Malware Communication Detection Based on Deep Learning

Description

This repository is the open source code for our paper entitled "Deep Learning Hierarchical Representation from Heterogeneous Flow-level Communication Data", which is under review in IEEE Transactions on Information Forensics and Security (TIFS).

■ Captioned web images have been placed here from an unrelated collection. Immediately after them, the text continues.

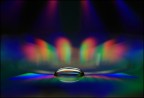 fior di luce fior di luce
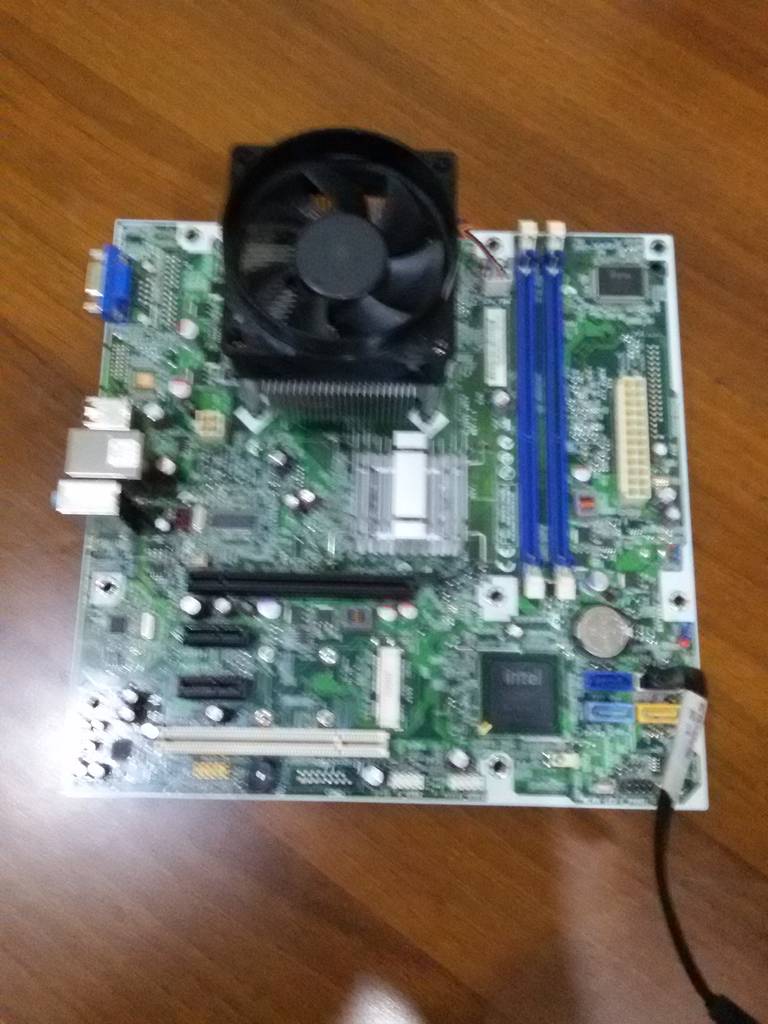 user posted image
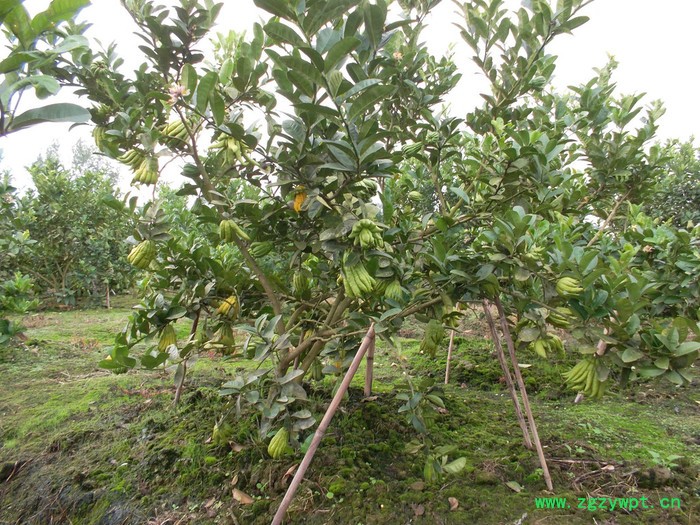 云雾山川佛手鲜果，道地川佛手，中药材佛手图5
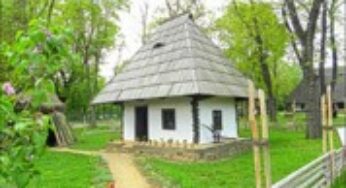 Visit the Peasant Museum and the Village Museum in Bucharest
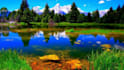 create a stunning  slideshow video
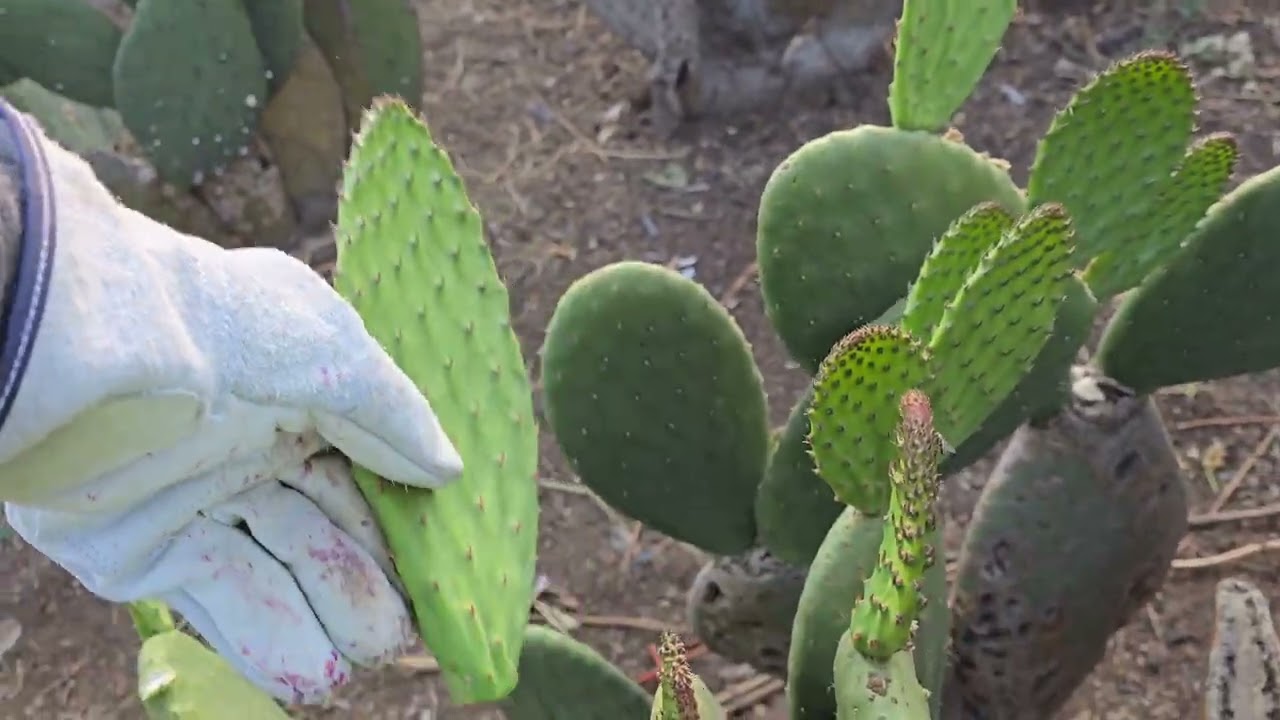 Acompáñenme a ver como trabajamos el nopal 
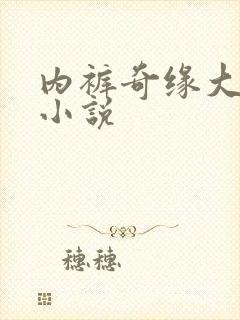 内裤奇缘大团结小说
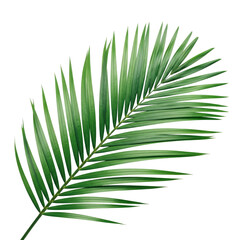 Close-up of lush, green palm leaf on a stark, black background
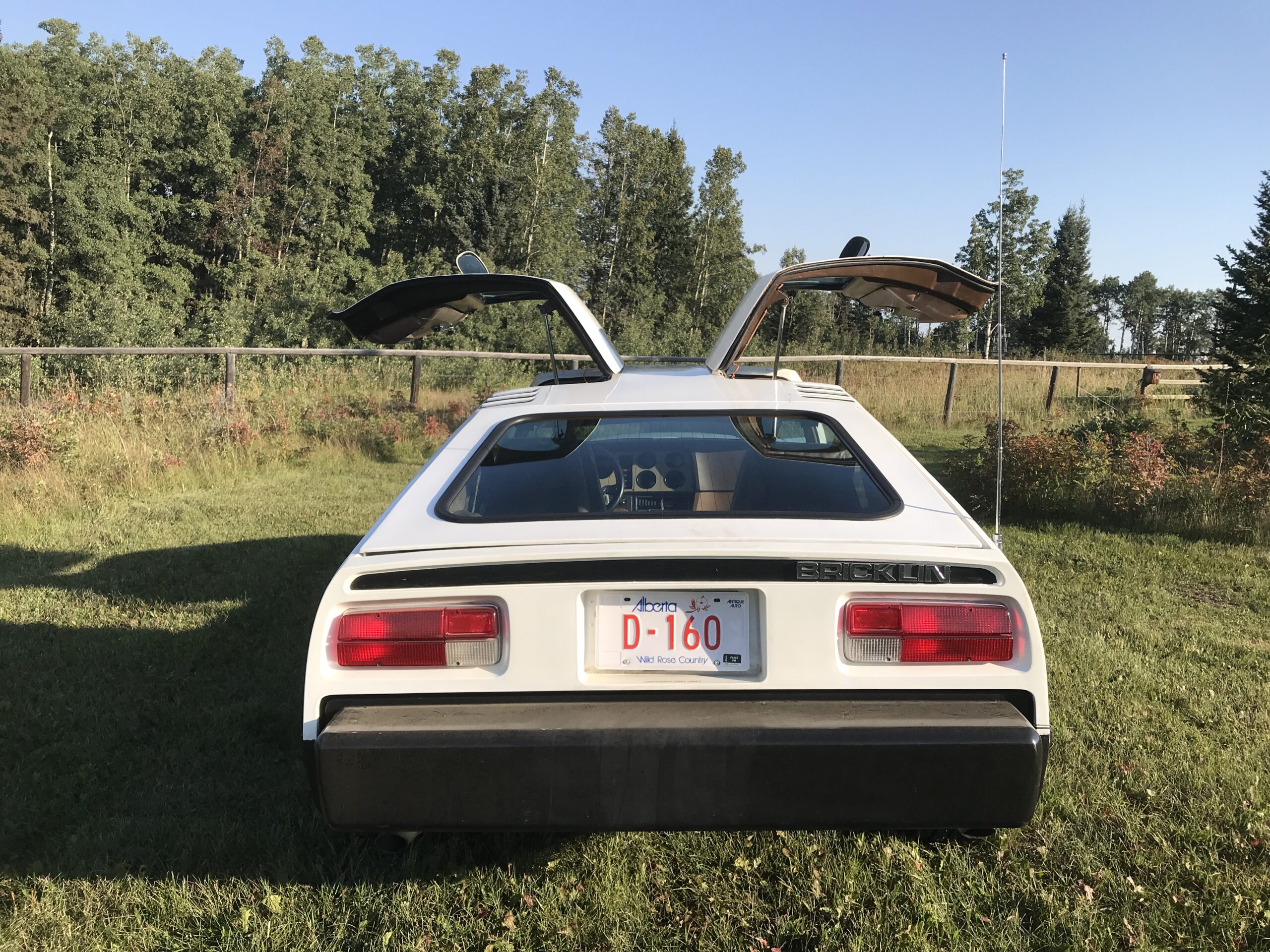 20210831_151516265_iOS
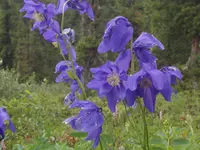 Altai Columbine (Aquilegia glandulosa) plant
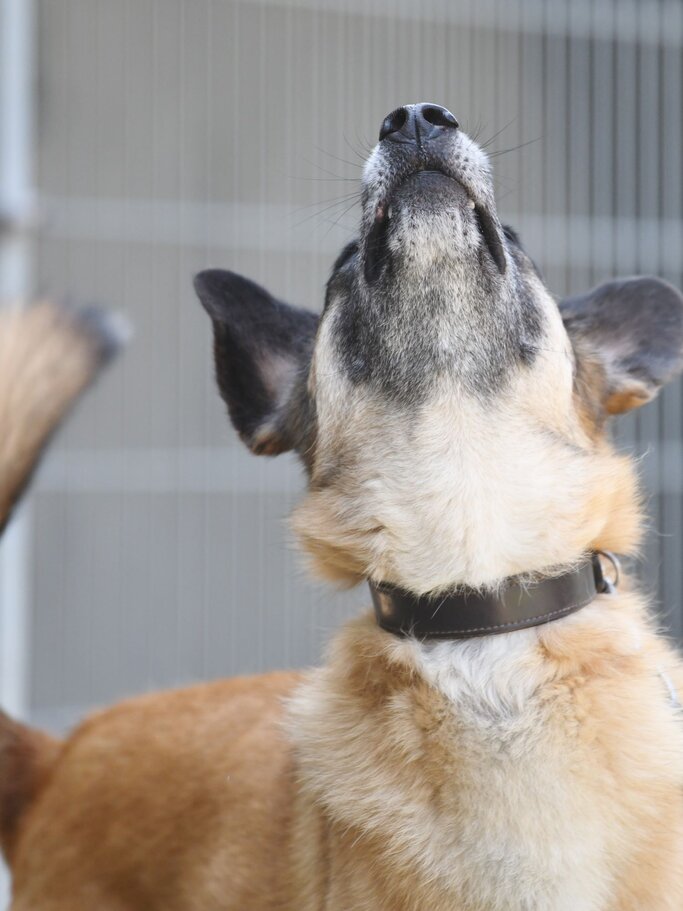 Hund Darian aus dem Berliner Tierheim | © Tierheim Berlin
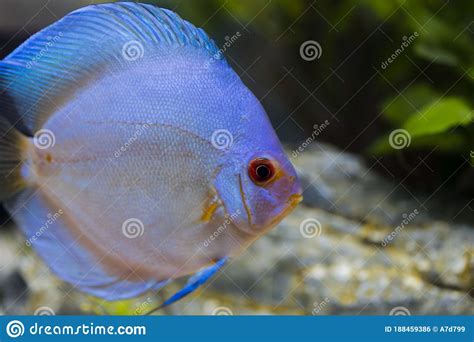 Close Up View Of Gorgeous Blue Diamond Diskus Aquarium Fish Stock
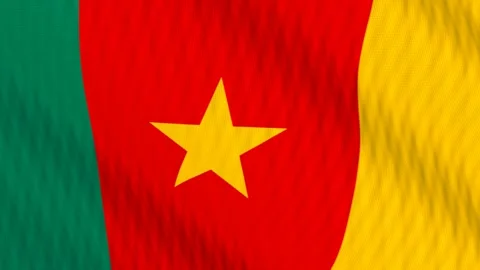 Cameroon flag waving white background loop Stock Footage 342958415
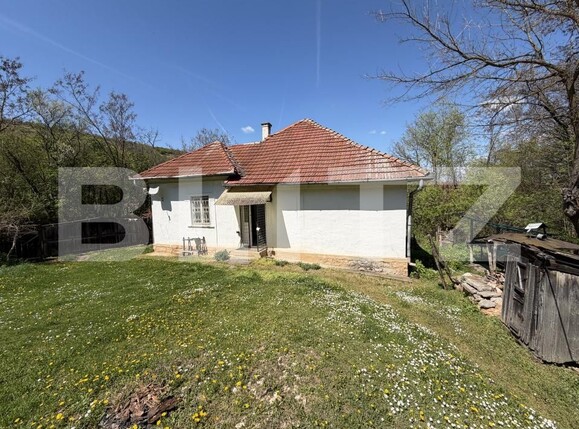 Casa de vânzare 4 camere Petrindu - 193623CV | BLITZ Zalău | Poza8
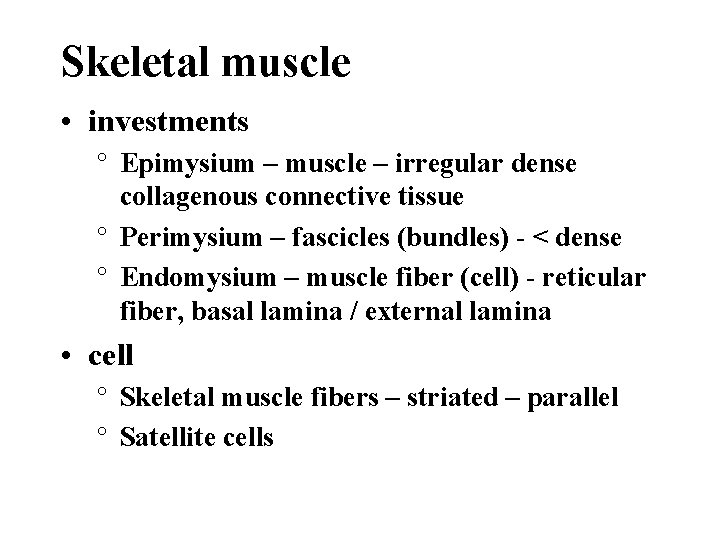 Skeletal muscle • investments ° Epimysium – muscle – irregular dense collagenous connective tissue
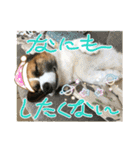 ぷー助のニコニコ日和（個別スタンプ：15）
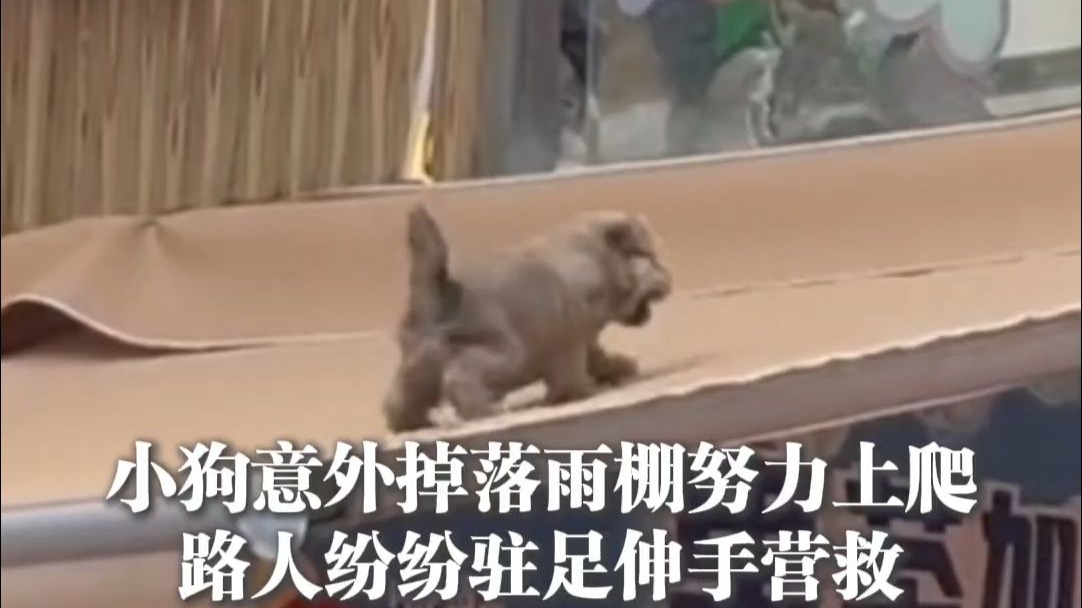 我家狗狗的意外事件-第3张图片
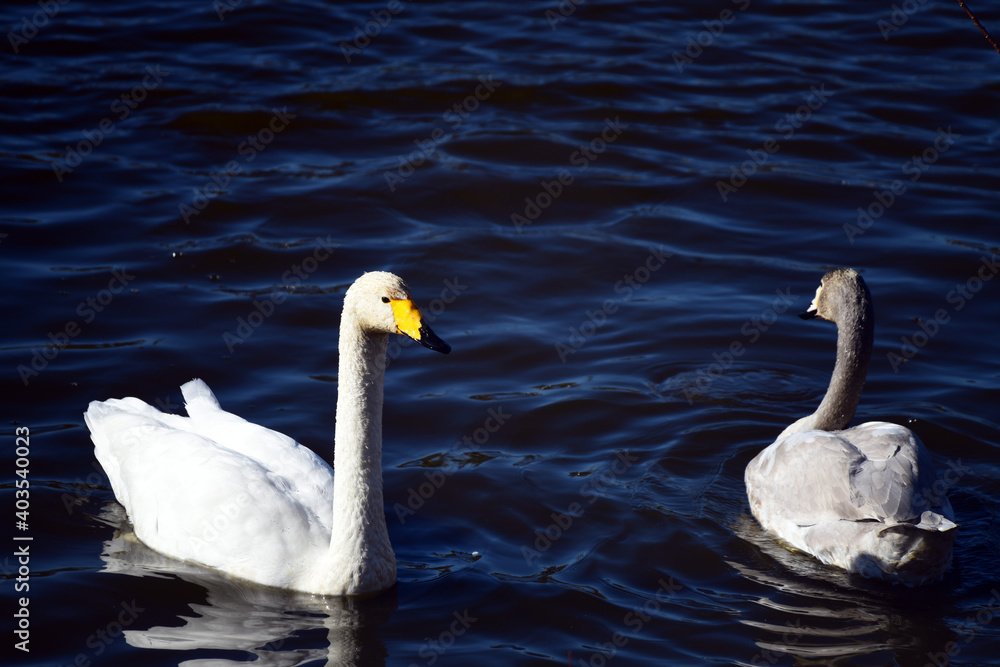 Obraz premium オオハクチョウの成鳥と幼鳥。2020年12月。日本。千葉県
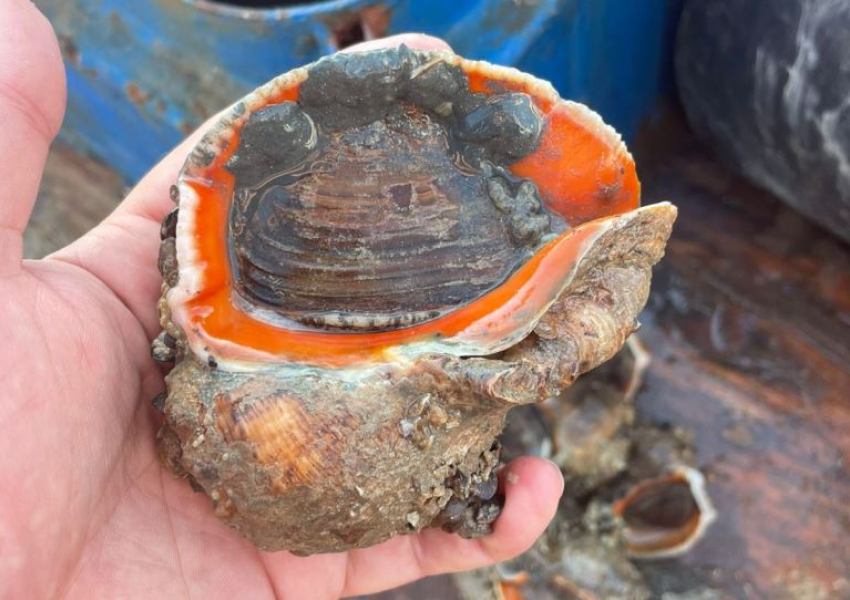 Новый хозяин Азовского моря: что будут ловить таганрогские рыбаки к 2030 году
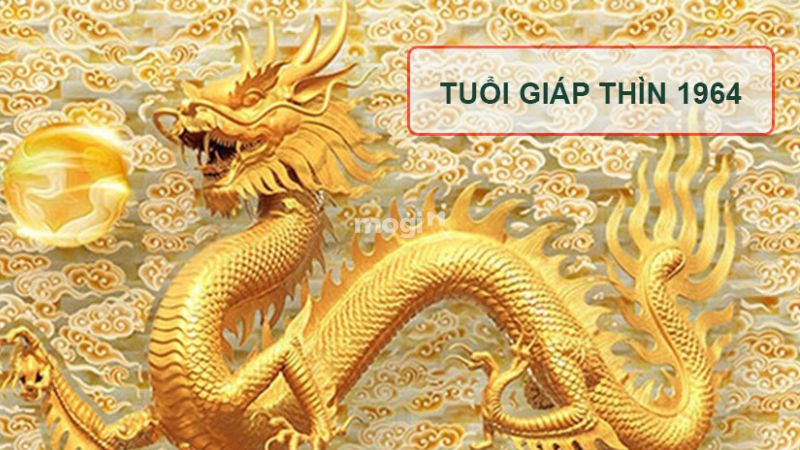 Tổng quan về tuổi Giáp Thìn 1964 hợp hướng nào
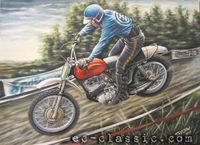 Obraz motorismus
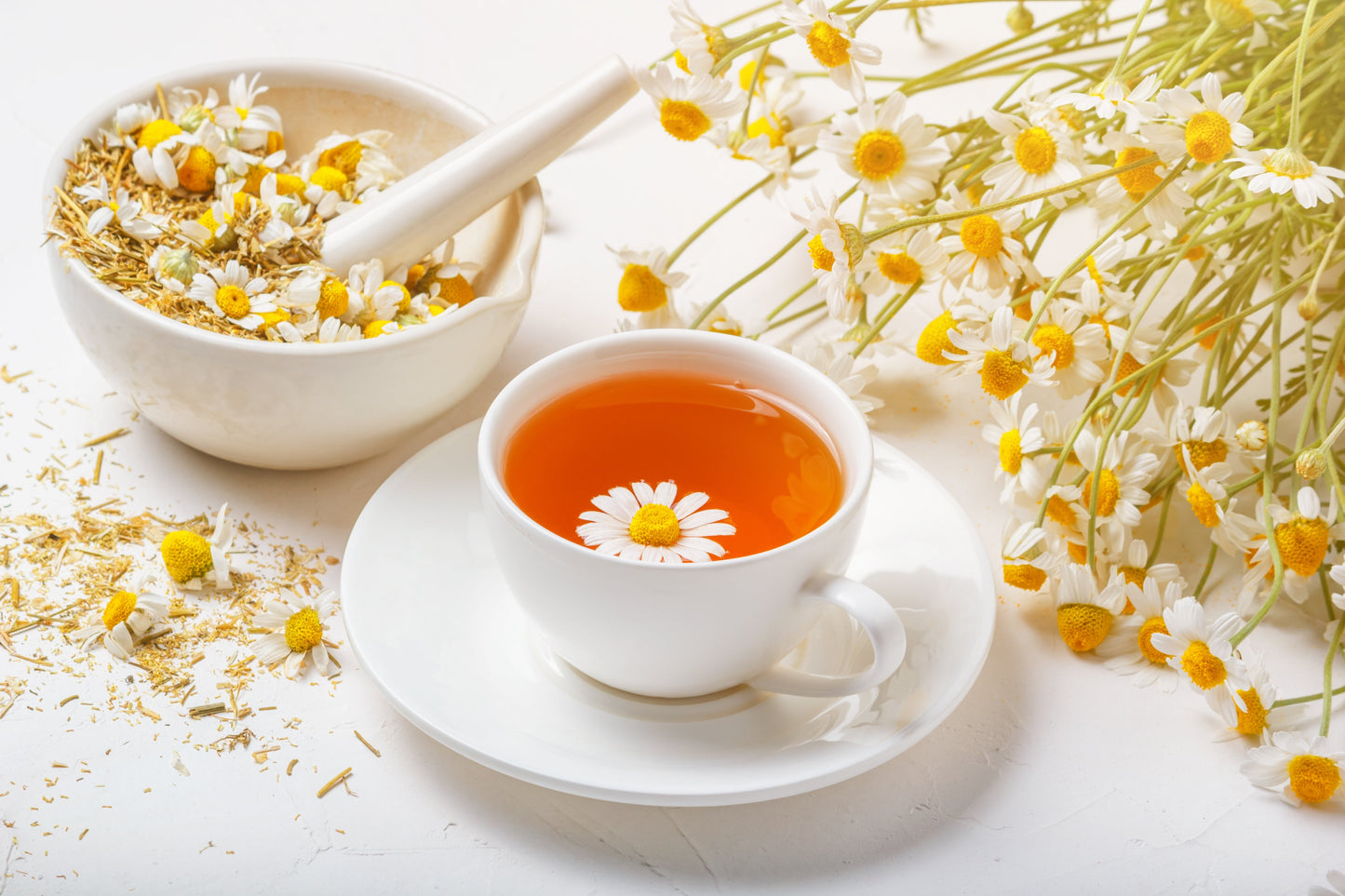 1000 GERMAN CHAMOMILE Matricaria Recutita Chamomilla Herb Flower Seeds - Blessings Grow Meadows -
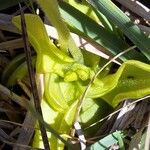 Pinguicula hirtiflora Leaf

We present an alternative approach to the feature engineering process and show that it can replicate and optimize the key steps involved in feature engineering and learn hierarchical representations of communication behavior from heterogeneous communication data. The approach consists of two steps. First, the fixed-size encoding-data are extracted based on the idea of spatial pyramid pooling (SPP) to preserve the spatiotemporal characteristics of the communication data. This enables deep learning to be applied to heterogeneous communication data. Then, the convolutional neural network (CNN) structure is adopted to construct a feature extractor that automatically learns hierarchical and robust representations of communication behaviors without expert knowledge.

Dataset

Here, we take the CTU-Malware dataset as an example to carry out the experiment. The CTU-Malware dataset consists of hundreds of captures (called scenarios) of malware samples (e.g., Neris, Rbot, Virut, DonBot, Nsis). Both malware and normal samples are included in the CTU-Malware dataset. The download address of the dataset is https://mcfp.felk.cvut.cz/publicDatasets/.

How to run the code?

The user guide is presented as follow.


1. Data preprocessing (Implemented based on Scala and Java)

a. Download the original CTU Malware Dataset (As listed in “CTU_Malware_Dataset_Urls.txt”) into the [Orignal_Dir]

Tips: [Orignal_Dir] is a folder for storing sample files.

b. Reformat each flow data in the original CTU Malware Dataset into a specified data format.

The format is: “SrcIP,DstIP,SrcPort,DstPort,Proto,SendPacketCount,ReceivePacketCount,PacketCount,SendLength,ReceiveLength,TotalLength,Time,FirstPacketArrive,LastPacketArrive,Duration,Label”.

Command: java -cp CTU_SPP.jar com.sgl.preprocessing.Preprocess_Reformat [Orignal_Dir] [Reformat_Dir]

Tips: [Reformat_Dir] is a folder for storing the reformat files.

c. Aggregate flows into communication pairs.
Command: java -cp CTU_SPP.jar com.sgl.preprocessing.Preprocess_SplitSample [Reformat_Dir] [CommPair_Dir]

Tips: [CommPair_Dir] is a folder for storing the files of communication pairs.

d. Count the flow records in each CommPair file and rename the filename

The number of flows is reflected in the filename so that the SPP-encoding program (com.sgl.spp.SPPNetEncoding) can filter the CommPair files with fewer samples according to the filename.)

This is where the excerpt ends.